Thanks in advance for all responses.


----------



## LuckySo-n-So (Mar 26, 2009)

I bought the same lens from Amazon/Adorama.  AF works fine on mine.  Does yours have a AF/M switch on it?  I think Sigma makes a non-HSM version of this lens, so this may be what you got.


----------



## edwardspw (Mar 26, 2009)

There's no switch for manual/auto.  I know Sigma makes this lens for several cameras, but it appeared the "for Nikon" name designated a unique model.


----------



## Dao (Mar 26, 2009)

Looks like there are 2 versions

With build-in motor (AF works in D40)
Sigma - Lenses


Without build-in motor (AF will not works in D40)
Sigma - Lenses


You may have the older version that do not have build-in motor.


----------



## hankejp (Mar 26, 2009)

Yes, there are 2 versions of the 70-300.  One with a HSM motor and yours.  I triple checked on this before I bought mine.


----------



## edwardspw (Mar 26, 2009)

It's my own fault, but I'm ticked off anyway.  Sigma's site shows four different 70-300 lenses.

1.  70-300
2.  70-300 for Nikon
3.  APO 70-300
4.  APO 70-300 for Nikon

Both of the "for Nikon" versions say it has a focus motor on the Sigma website.  The ebay ad said "for Nikon" and the lens cover says "for Nikon".

After all these years I made my first ebay purchase and I regret it.  I will keep the lens and use it but manually focusing will limit me alot.

Thanks for your replies.


----------



## LuckySo-n-So (Mar 26, 2009)

Sorry about that, dude.  I frickin' triple checked, quadruple checked, and double dog dare checked to make sure I got the HSM model.  Hope you didn't spend too much.  *Mine was about one fiddy*.  The APO is quite a bit more, but produces better results.

I have bought a few things from eBay, but only from people with high ratings and tens of thousands of sales.  I've been wanting to pull the trigger on a 100mm AIs E 2.8 lens from KEH or Adorama, but after spending 450+ on a new tripod and sb-600 this week, I'm gonna wait a while.

Just chalk it up as lesson learned.  Buy only AF-S lenses from Nikon or HSM lenses from Sigma for your D40--that is if you want auto focus.  Also, only shop online at places like Adorama, BHPhotoVideo, KEH, or Amazon to make sure you aren't being misled.  At Adorama and BH, there is always a "warning" if a lens won't autofocus with the D40/x/60.

Good luck and don't be discouraged, we all get burned every now and again...Like this one time I met this beautiful girl in a bar; pretty eyes, great rack, but she was wearing this scarf around her neck and had a deep raspy voice.....






















j/k.


----------



## smyth (Mar 26, 2009)

I have the version that will AF with the D40... I paid $329 CDN for it, you can figure out what that is in greenbacks for you yanks here : www.xe.com

Anyways, it's listed in my sig down there so you know which one it is.
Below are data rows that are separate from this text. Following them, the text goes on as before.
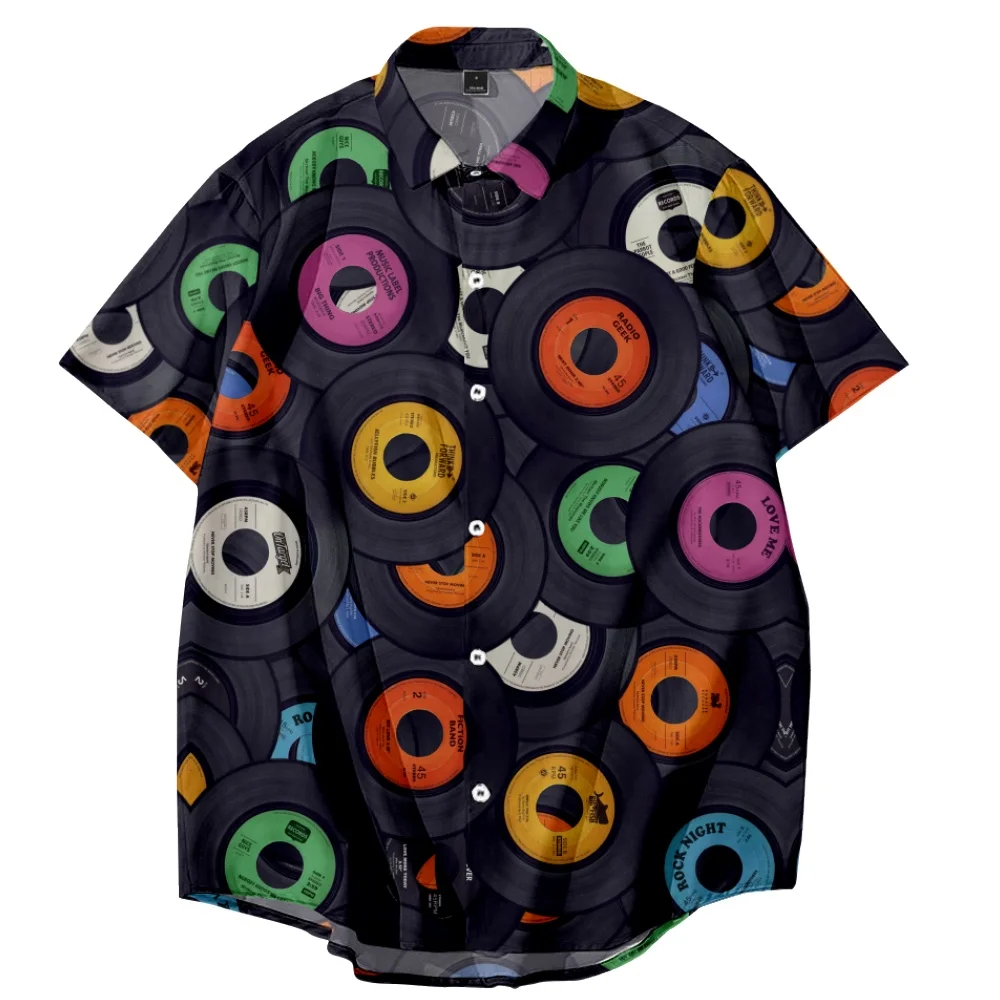 Tuner DJ Bar Summer Men Printed Shirt Short Sleeve Lapel Button Streetwear Chic Loose Clothing Mens Hawaiian Shirts Vacation 4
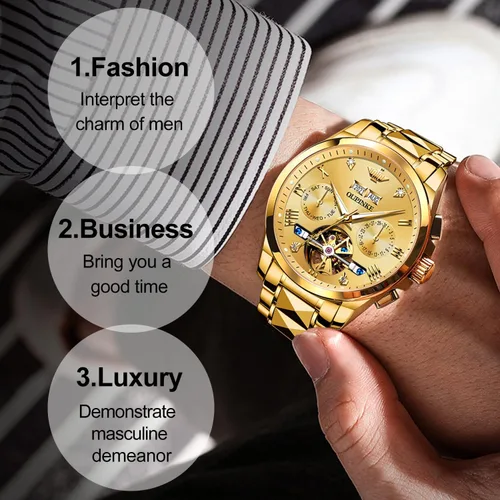 Vista 3 de Relojes de pulsera impermeables automáticos de acero de tungsteno para hombre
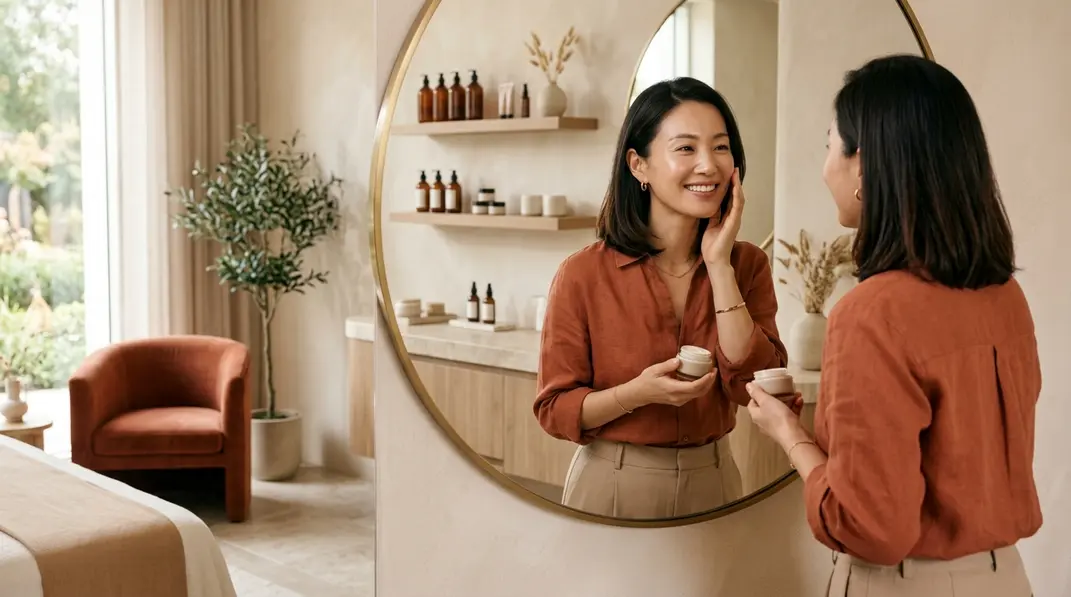 A confident woman looking in a mirror with glowing, firm skin.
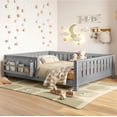 thumbnail image 3 of Bellemave Full Size Floor Bed with Bookshelf, Wood Montessori Beds with Slats and Safety Guardrail, Low Profile Queen Bed Frame with Fence, No Box Spring Needed (Gray), 3 of 8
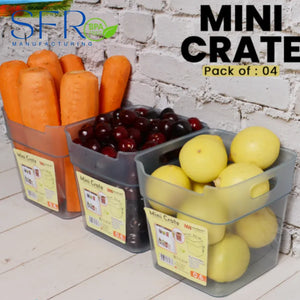 Mini Crate Storage Boxes (Pack of 4) – Multipurpose Organizer Bins | BPA Free Plastic Storage for Kitchen
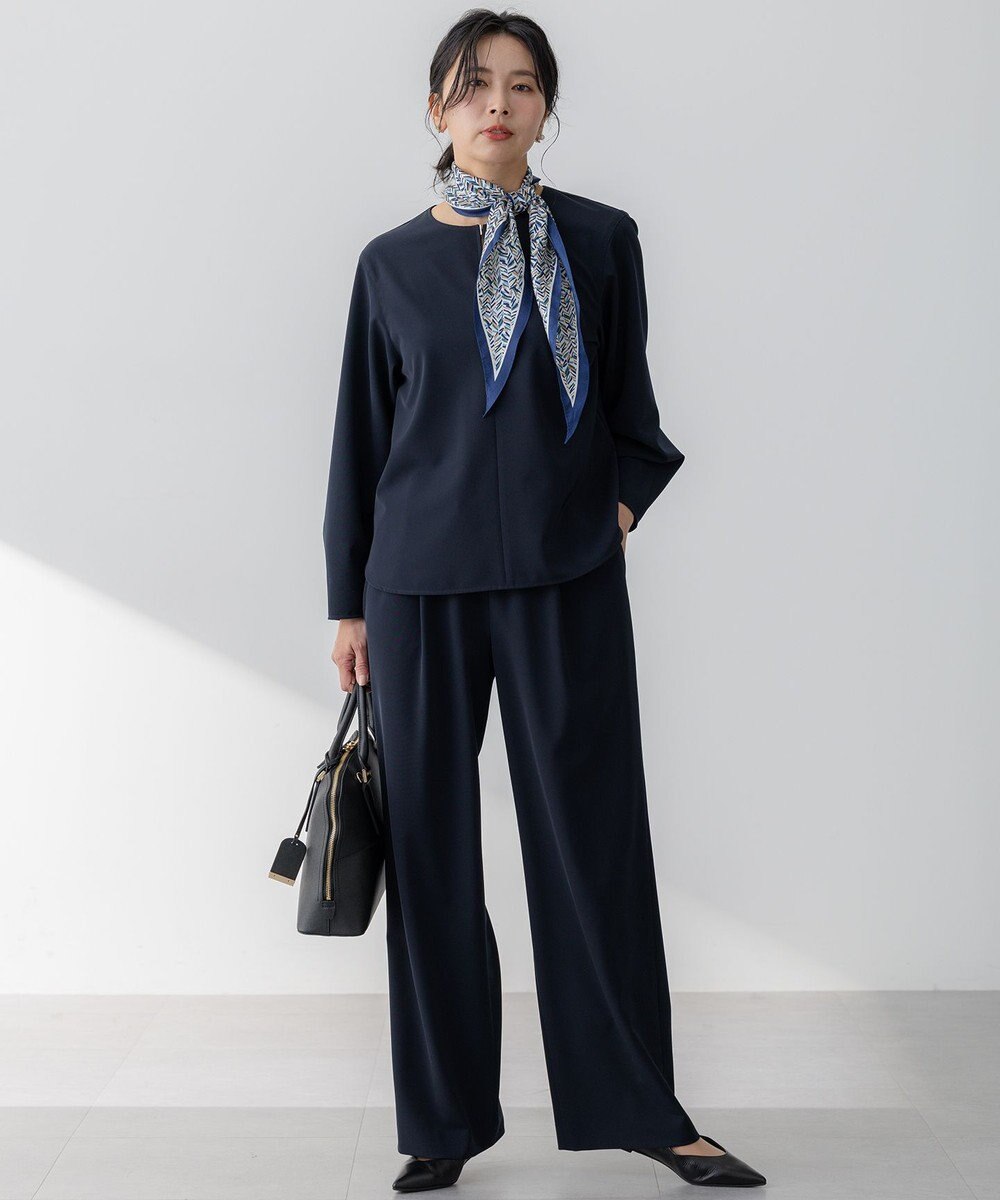 23区 【洗える】2WAYストレッチツイル ブラウス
I really like it considering how little I paid for it in comparison to the Nikon 70-300 af-s


----------



## PatrickHMS (Mar 26, 2009)

I just got a Sigma 18-200mm lens with DC OS and HSM, I tried it on a D40 and really like what I see so far but don't tell the people who are Nikon brand conscious.

Not a Nikon, granted, but not Nikon priced either.  If I like it enough, might even sell my Nikon 18-200VR and get another lens I like for the money I now have to spend that is not tied up in such expensive glass.
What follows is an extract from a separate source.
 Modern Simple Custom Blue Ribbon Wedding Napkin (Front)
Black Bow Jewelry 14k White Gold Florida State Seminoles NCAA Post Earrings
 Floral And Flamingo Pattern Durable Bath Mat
I LOVE the Nikon glass with f/2.8 apertures, but many of them are $1,000 or more per lens.  For me, I would have to be insane and committed to spending that much $ on one lens (much less own several of them) so I look for alternatives in Tamron, Sigma, and Tokina lenses when I but faster lenses, or I buy older discontinued Nikon 2.8, that doesn't seem to go over to well here.

I might be the only one who has better things to do with hard earned money that to spend $1,000 or more per lens for what is a hobby.
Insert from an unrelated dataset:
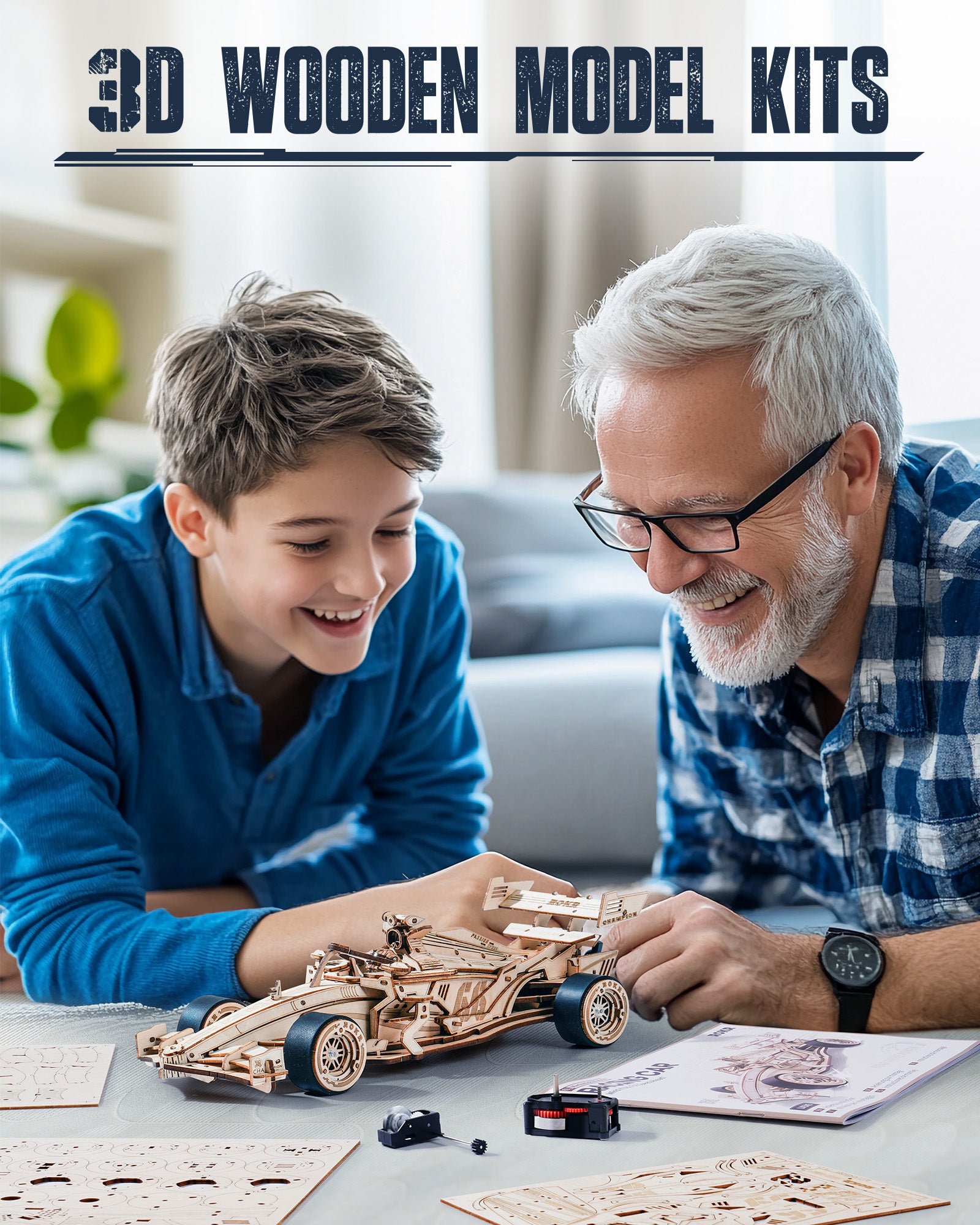 Man and child working on a 3D wooden model kit together.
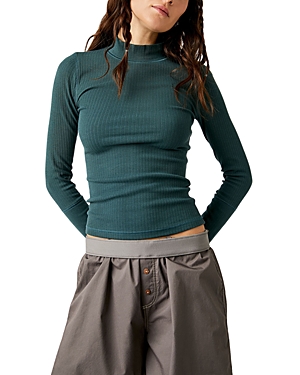 Free People The Rickie Mock Neck T-shirt In Magical Forest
To paraphrase, sometimes it seems to me like "He who dies with the most expensive camera equipment wins..."

But I really like the way the Sigma HSM and similiar non-Nikon lenses are now being produced with motors to AF on the Nikon D40 / D40X / D60.


----------



## LarryD (Mar 27, 2009)

You might like the lens..:thumbup:

As for manual focusing........That's the way we all had to use our cameras not too long ago..

I can't see how that could be limiting you too much if you really need that 300 end...


----------